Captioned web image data
+ + +

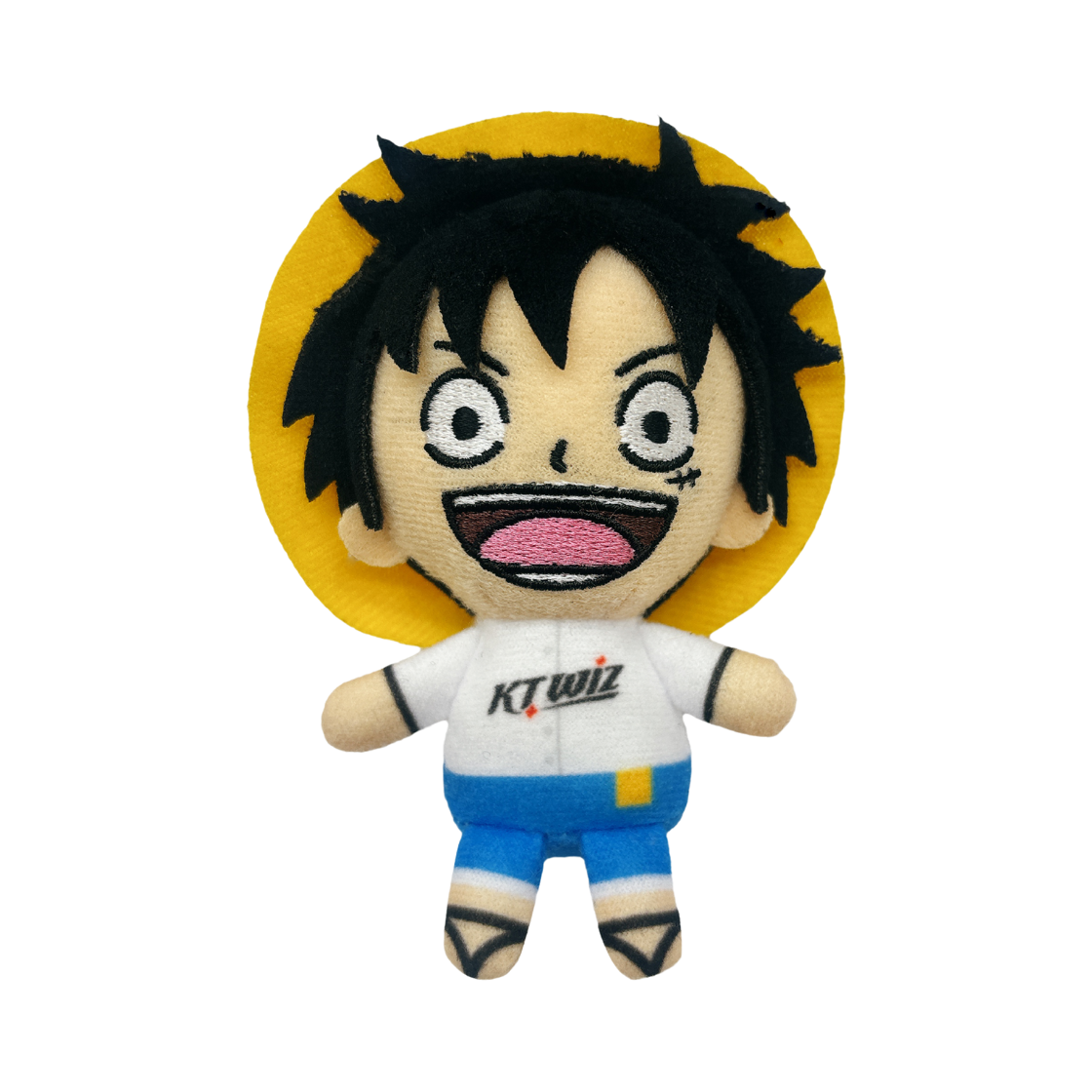 KT 위즈 x 원피스 인형 키링 루피(KT Wiz x One Piece Plush Keyring Luffy)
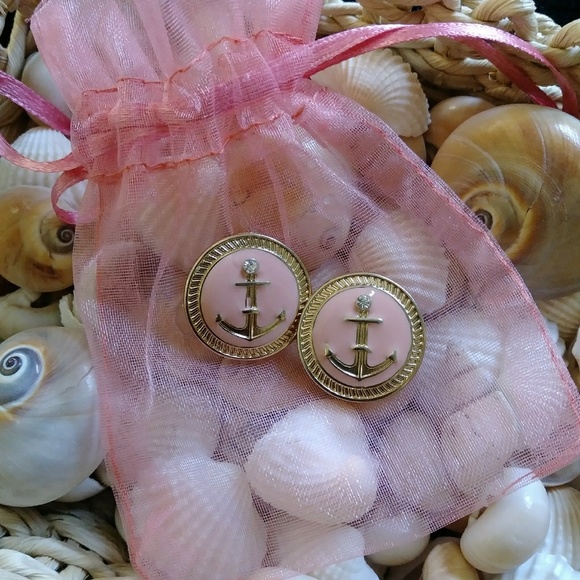 Nautical Anchor Stud Earrings - Picture 1 of 1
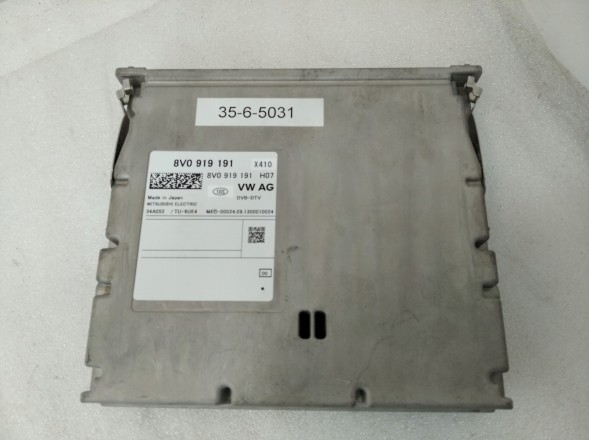 Audi OE 8V0919191 ЦИФРОВИЙ ТВ-ТЮНЕР DVB-DTV AUDI A3 SKODA KODIAQ SKODA OCTAVIA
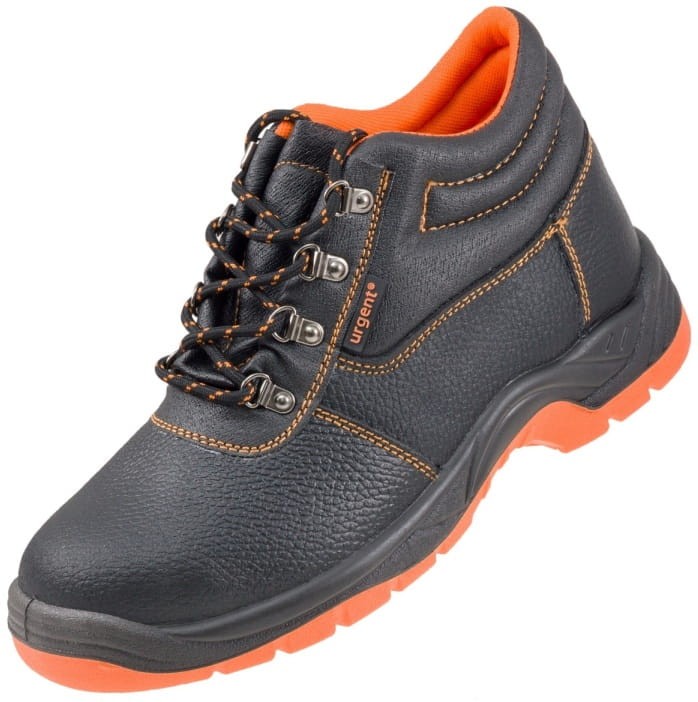 Pancerne trzewiki ze skóry licowej Urgent 101 S3 stalowy podnosek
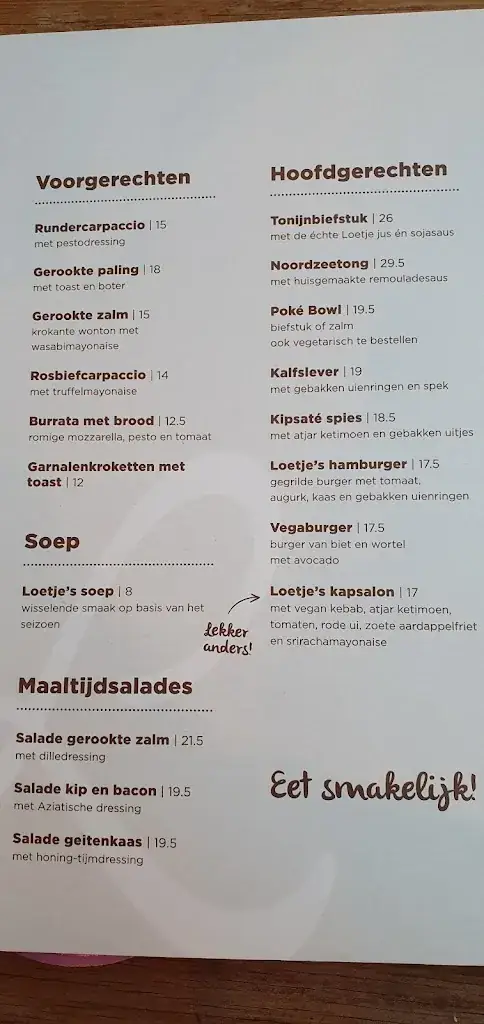 Menu_Loetje Breukelen_Breukelen_image_3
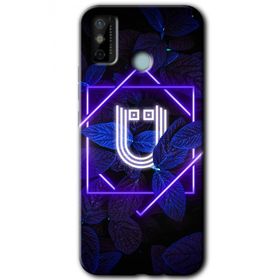 Tecno Spark 6 Go Dark Neon Yaprak Ü Harfi Baskılı Uyumlu Silikon Kılıf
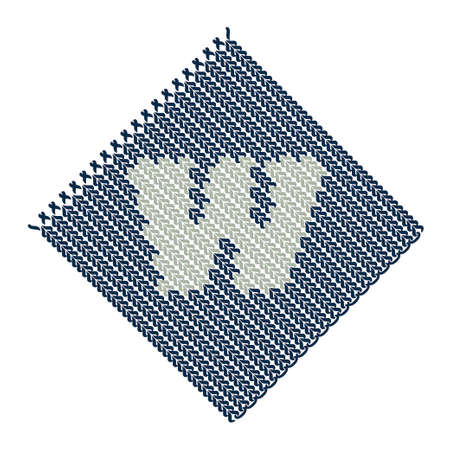 ABC knitted English alphabet color vector letters graphic background and iconのイラスト素材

+ + +

About this exercise: Your reply should hold only the records, duplicated exactly, without any image.

Answer to this exercise:
 KT 위즈 x 원피스 인형 키링 루피(KT Wiz x One Piece Plush Keyring Luffy)
 Nautical Anchor Stud Earrings - Picture 1 of 1
 Audi OE 8V0919191 ЦИФРОВИЙ ТВ-ТЮНЕР DVB-DTV AUDI A3 SKODA KODIAQ SKODA OCTAVIA
 Pancerne trzewiki ze skóry licowej Urgent 101 S3 stalowy podnosek
 Menu_Loetje Breukelen_Breukelen_image_3
 Tecno Spark 6 Go Dark Neon Yaprak Ü Harfi Baskılı Uyumlu Silikon Kılıf
 ABC knitted English alphabet color vector letters graphic background and iconのイラスト素材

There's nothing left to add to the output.